TASK DESCRIPTION: Begin at the line that has "Citroën Xsara 15-7-2026", stop after the line that has "ZAPATILLAS BAREFOOT ERITH", and print exactly those lines from the records below, without any pictures.

WORKING DATA:

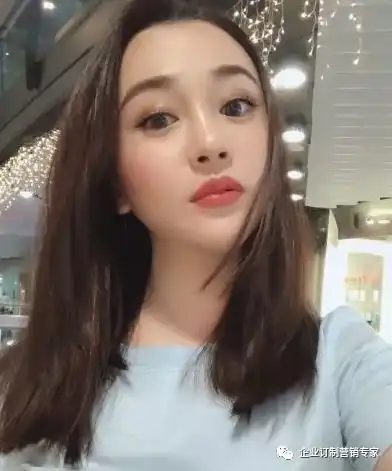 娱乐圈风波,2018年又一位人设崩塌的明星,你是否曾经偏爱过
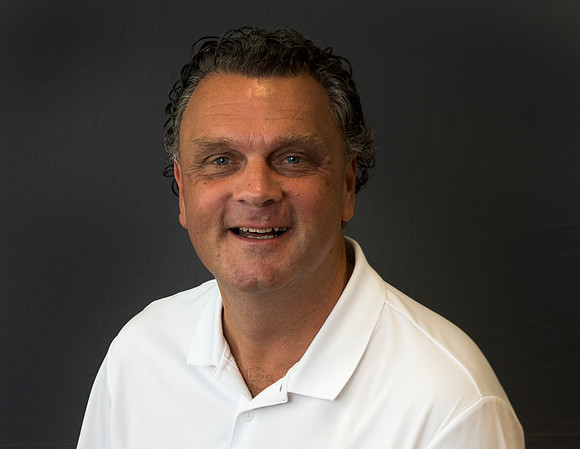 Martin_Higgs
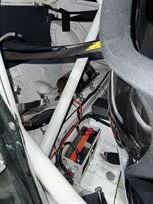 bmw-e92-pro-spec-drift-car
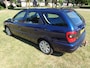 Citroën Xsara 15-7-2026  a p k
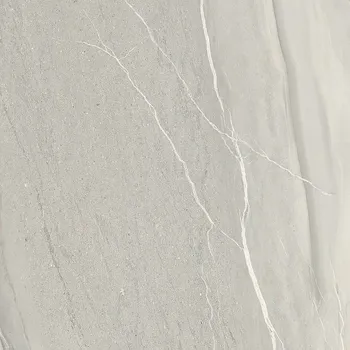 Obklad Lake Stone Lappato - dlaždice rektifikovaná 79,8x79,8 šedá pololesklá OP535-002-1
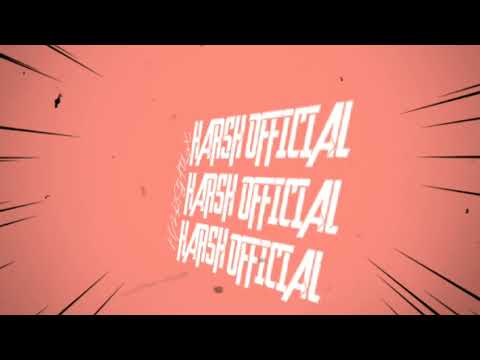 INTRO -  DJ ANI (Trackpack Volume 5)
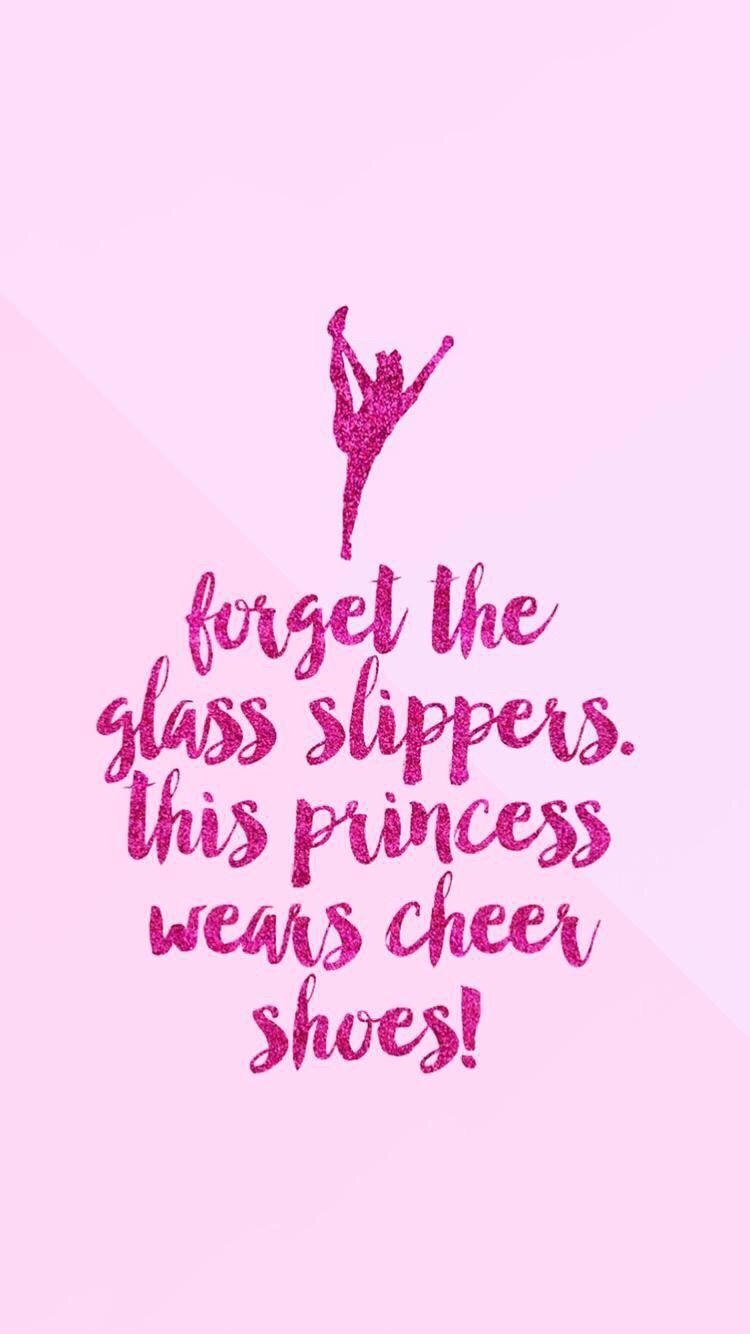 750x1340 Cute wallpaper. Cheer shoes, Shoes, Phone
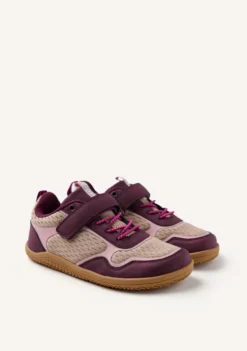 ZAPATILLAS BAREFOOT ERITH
...
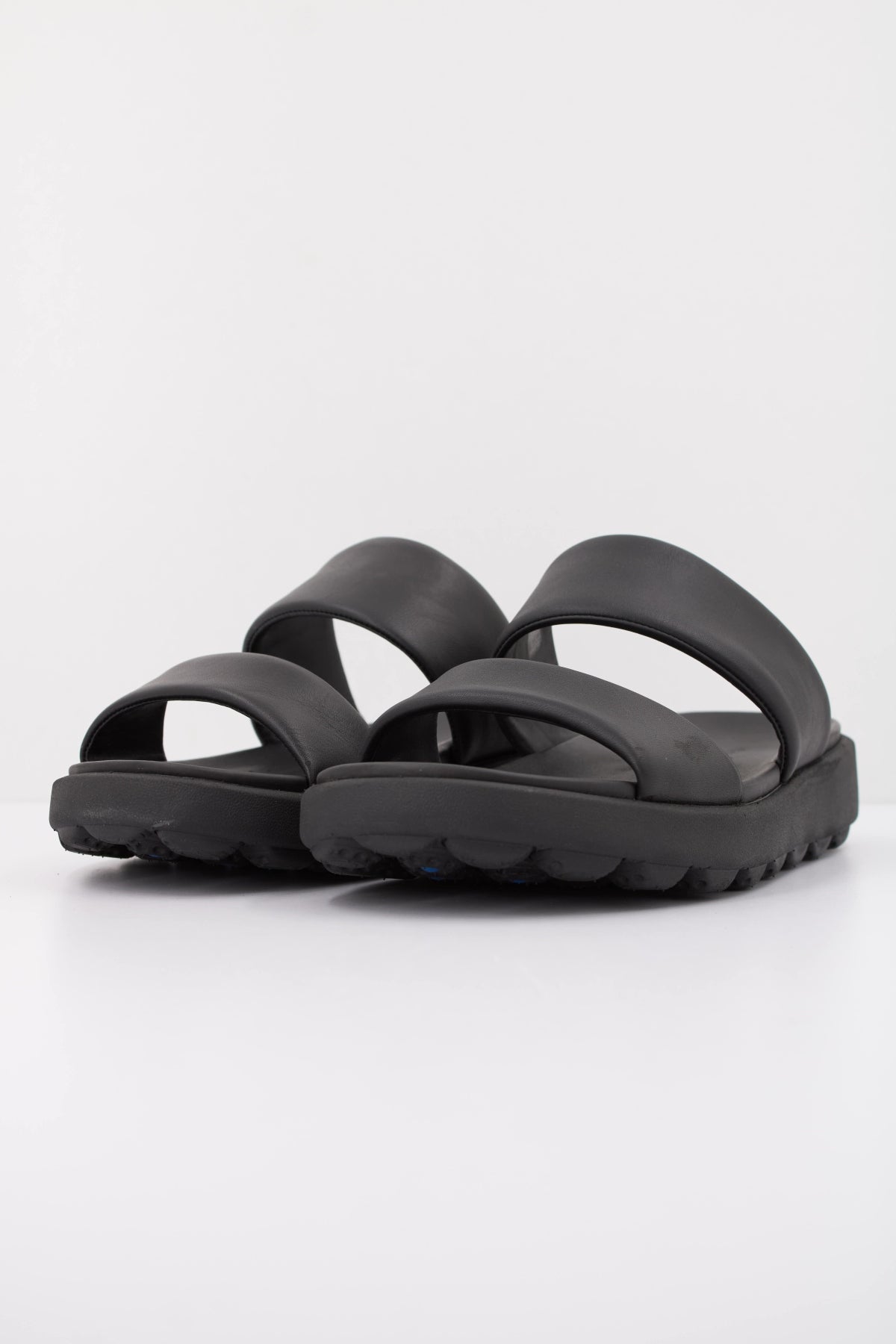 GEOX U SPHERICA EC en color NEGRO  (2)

ANSWER TO THIS PROBLEM:
 Citroën Xsara 15-7-2026  a p k
 Obklad Lake Stone Lappato - dlaždice rektifikovaná 79,8x79,8 šedá pololesklá OP535-002-1
 INTRO -  DJ ANI (Trackpack Volume 5)
 750x1340 Cute wallpaper. Cheer shoes, Shoes, Phone
 ZAPATILLAS BAREFOOT ERITH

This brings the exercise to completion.